The young generation space is optimized for objects that have short life times. If your application creates lots of objects that live for a relatively short time, you can decrease the frequency of collections in the young generation space by increasing the amount of memory allocated to it. Unfortunately, this can also increase the time it takes for the young generation collection to complete. Optimal performance will involve getting the young generation to the "right" size.

A few additional notes on the young generation space:

  • If you are setting an upper bound for the Java heap (see the -Xmx option), you need to be careful not to set the young generation space to more than half of the upper bound. This is especially important when using the serial collector (the default garbage collector on single-CPU machines). With the serial collector, the JVM reserves enough memory in the tenured generation space to ensure that a minor collection will succeed when the young generation is full of live objects. However, if there is not enough memory available in the tenured generation space, a full collection is triggered instead.
  • There are other options that affect the behavior of collections in the young generation space, such as configuring the survivor space ratios. We won’t discuss these here. However, if you want to change these options, you need to consider how Ice works before doing so.

By default, the tenured generation is sized relative to the maximum Java heap size and the size of the young generation space. If you have somehow configured the JVM such that there insufficient tenured space, you will know because you will get java.lang.OutOfMemoryExceptions.

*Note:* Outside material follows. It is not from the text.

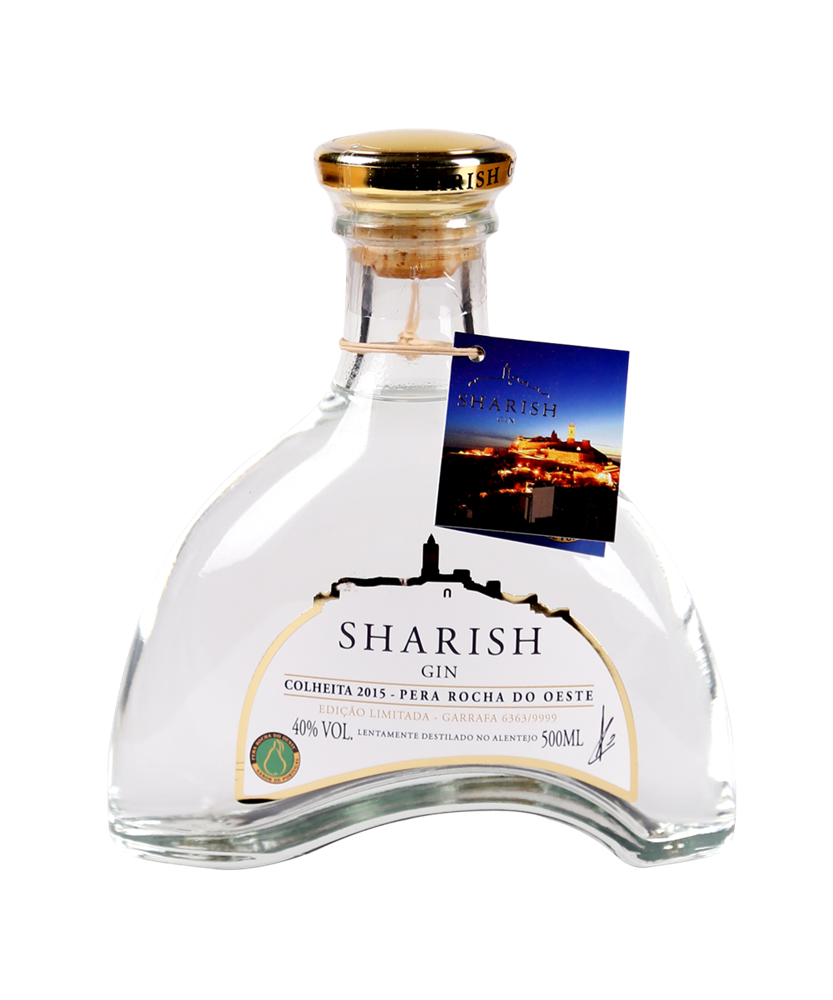 Sharish "Pera Rocha" Special Edition Gin 500ml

Apart from the young and tenured spaces, there is also a third space, known as the permanent generation space. The permanent generation space is intended for objects that live for the lifespan of the application. If your application has a large number of classes, you may want to turn on GC logging for a period of time and see if the collector collects anything in the permanent generation. If it does, you should consider increasing the size of the permanent generation space. Some useful GC logging options are:

-verbose:gc

Enable verbose GC logging.

-XX:+PrintGCDetails

Provide detailed statistics about collections.

-XX:+PrintTenuringDistribution

Give details about young generation survivor spaces and how many objects are promoted to the tenured space.

Here are some of the options for controlling how the JVM allocates and organizes memory (please see the Java documentation for details):

-Xms

Configure the initial Java heap size.

-Xmx

Configure the maximum Java heap size.

-Xmn

Configure the maximum size for the young generation space.

-XX:+AggressiveHeap

Instructs the VM to analyze the current operating environment and attempt to optimize settings for memory-intensive applications. This option also enables implicit garbage collection and adaptive memory sizing. It is intended for machines with large amounts of memory and multiple CPUs.

-XX:NewRatio

Configure the relative size of the young generation space.

-XX:NewSize

Configure the initial size of the young generation space.

-XX:MaxNewSize

Configure the maximum size of the young generation space.

So how is this relevant to Ice? Besides application-specific issues, there are some details of how Ice is implemented that affect how the JVM will behave. For example, the size of the young generation is relevant to Ice because processing a request often involves creation of transient objects. Complex types, sequences of types, and rapid-fire requests can fill up the young generation space quickly. If a request is very complex, it may result in the young generation space filling before a single request is completed. In turn, this causes some of the transient objects to spill over into the tenured space. Eventually, the tenured space fills up and you end up with an expensive major collection pass. Profiling typical load scenarios will help you determine a good size for the Java heap and young generation size.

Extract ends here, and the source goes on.